2520 ppm (6590 mg/m3; 1 h)

 

LCLO inhal (human)

1000 ppm (2600 mg/m3; 10 min)

 

PEL (OSHA)

5 ppm (13 mg/m3)

 

TLV-TWA (ACGIH)

2 ppm (5.2 mg/m3)

 

STEL (ACGIH)

5 ppm (13 mg/m3)

Major Hazards

Intensely irritating to the skin, eyes, and respiratory tract; moderate acute toxicity.

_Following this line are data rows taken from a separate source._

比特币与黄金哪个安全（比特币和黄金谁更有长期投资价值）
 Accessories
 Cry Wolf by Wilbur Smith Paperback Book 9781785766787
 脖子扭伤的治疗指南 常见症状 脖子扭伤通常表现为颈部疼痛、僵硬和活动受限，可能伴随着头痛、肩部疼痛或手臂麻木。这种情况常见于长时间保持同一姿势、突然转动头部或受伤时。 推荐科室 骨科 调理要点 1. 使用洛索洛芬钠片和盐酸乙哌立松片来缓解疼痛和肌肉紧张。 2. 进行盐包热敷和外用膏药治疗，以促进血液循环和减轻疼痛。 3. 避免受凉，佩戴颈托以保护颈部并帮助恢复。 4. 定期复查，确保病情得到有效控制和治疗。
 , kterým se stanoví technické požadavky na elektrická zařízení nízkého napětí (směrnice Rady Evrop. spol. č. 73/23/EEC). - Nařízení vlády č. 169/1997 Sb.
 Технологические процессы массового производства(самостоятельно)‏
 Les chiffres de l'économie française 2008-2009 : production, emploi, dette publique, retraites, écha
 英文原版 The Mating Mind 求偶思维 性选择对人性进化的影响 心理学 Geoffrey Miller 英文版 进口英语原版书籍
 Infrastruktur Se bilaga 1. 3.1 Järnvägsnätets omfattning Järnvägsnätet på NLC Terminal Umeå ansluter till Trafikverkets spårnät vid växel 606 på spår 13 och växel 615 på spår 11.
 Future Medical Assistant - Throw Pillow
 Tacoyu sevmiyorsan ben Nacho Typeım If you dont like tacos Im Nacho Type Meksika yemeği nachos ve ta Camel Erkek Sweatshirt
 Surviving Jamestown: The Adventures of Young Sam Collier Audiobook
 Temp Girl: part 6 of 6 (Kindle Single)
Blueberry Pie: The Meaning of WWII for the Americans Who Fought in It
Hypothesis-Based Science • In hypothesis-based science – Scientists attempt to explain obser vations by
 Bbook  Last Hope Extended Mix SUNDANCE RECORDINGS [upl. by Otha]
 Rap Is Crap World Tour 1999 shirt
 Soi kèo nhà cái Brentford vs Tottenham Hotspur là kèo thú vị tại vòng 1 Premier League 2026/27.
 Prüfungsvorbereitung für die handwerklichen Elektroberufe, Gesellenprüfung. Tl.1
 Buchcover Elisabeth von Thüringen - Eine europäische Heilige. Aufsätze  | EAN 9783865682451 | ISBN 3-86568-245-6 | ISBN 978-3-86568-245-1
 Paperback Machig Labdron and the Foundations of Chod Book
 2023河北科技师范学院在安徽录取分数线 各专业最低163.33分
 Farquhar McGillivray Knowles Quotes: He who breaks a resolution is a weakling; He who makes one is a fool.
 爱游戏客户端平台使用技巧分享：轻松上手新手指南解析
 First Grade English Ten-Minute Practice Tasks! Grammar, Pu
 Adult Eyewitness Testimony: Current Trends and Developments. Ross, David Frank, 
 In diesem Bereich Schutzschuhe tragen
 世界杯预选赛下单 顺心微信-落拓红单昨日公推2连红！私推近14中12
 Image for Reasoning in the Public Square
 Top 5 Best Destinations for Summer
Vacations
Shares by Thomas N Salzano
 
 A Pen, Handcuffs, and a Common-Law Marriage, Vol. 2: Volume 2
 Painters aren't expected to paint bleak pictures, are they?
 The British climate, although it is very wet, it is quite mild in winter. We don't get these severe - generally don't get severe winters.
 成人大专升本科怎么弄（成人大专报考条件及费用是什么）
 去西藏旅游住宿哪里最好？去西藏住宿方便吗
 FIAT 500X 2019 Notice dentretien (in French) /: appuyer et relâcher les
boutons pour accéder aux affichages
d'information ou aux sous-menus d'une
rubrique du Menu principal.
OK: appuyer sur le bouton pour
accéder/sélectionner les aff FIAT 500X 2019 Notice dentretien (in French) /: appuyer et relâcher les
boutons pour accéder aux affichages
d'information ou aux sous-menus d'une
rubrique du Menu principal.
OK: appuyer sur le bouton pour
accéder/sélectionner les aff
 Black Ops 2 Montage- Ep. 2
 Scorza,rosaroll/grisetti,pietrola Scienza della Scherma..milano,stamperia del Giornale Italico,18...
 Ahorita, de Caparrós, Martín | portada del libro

The acute toxicity of sulfur dioxide is moderate. Inhalation of high concentrations may cause death as a result of respiratory paralysis and pulmonary edema. Exposure to 400 to 500 ppm is immediately dangerous, and 1000 ppm for 10 min is reported to have caused death in humans. Sulfur dioxide gas is a severe corrosive irritant of the eyes, mucous membranes, and skin. Its irritant properties are due to the rapidity with which it forms sulfurous acid on contact with moist membranes. When sulfur dioxide is inhaled, most of it is absorbed in the upper respiratory passages, where most of its effects then occur. Exposure to concentrations of 10 to 50 ppm for 5 to 15 min causes irritation of the eyes, nose, and throat, choking, and coughing. Some individuals are extremely sensitive to the effects of sulfur dioxide, while experienced workers may become adapted to its irritating properties. Sulfur dioxide is regarded as a substance with good warning properties except in the case of individuals with reactive respiratory tracts and asthmatics. Exposure of the eyes to liquid sulfur dioxide from pressurized containers can cause severe burns, resulting in the loss of vision. Liquid SO2 on the skin produces skin burns from the freezing effect of rapid evaporation.

Sulfur dioxide has not been shown to be carcinogenic or to have reproductive or developmental effects in humans. Chronic exposure to low levels of sulfur dioxide has been shown to exacerbate pulmonary disease.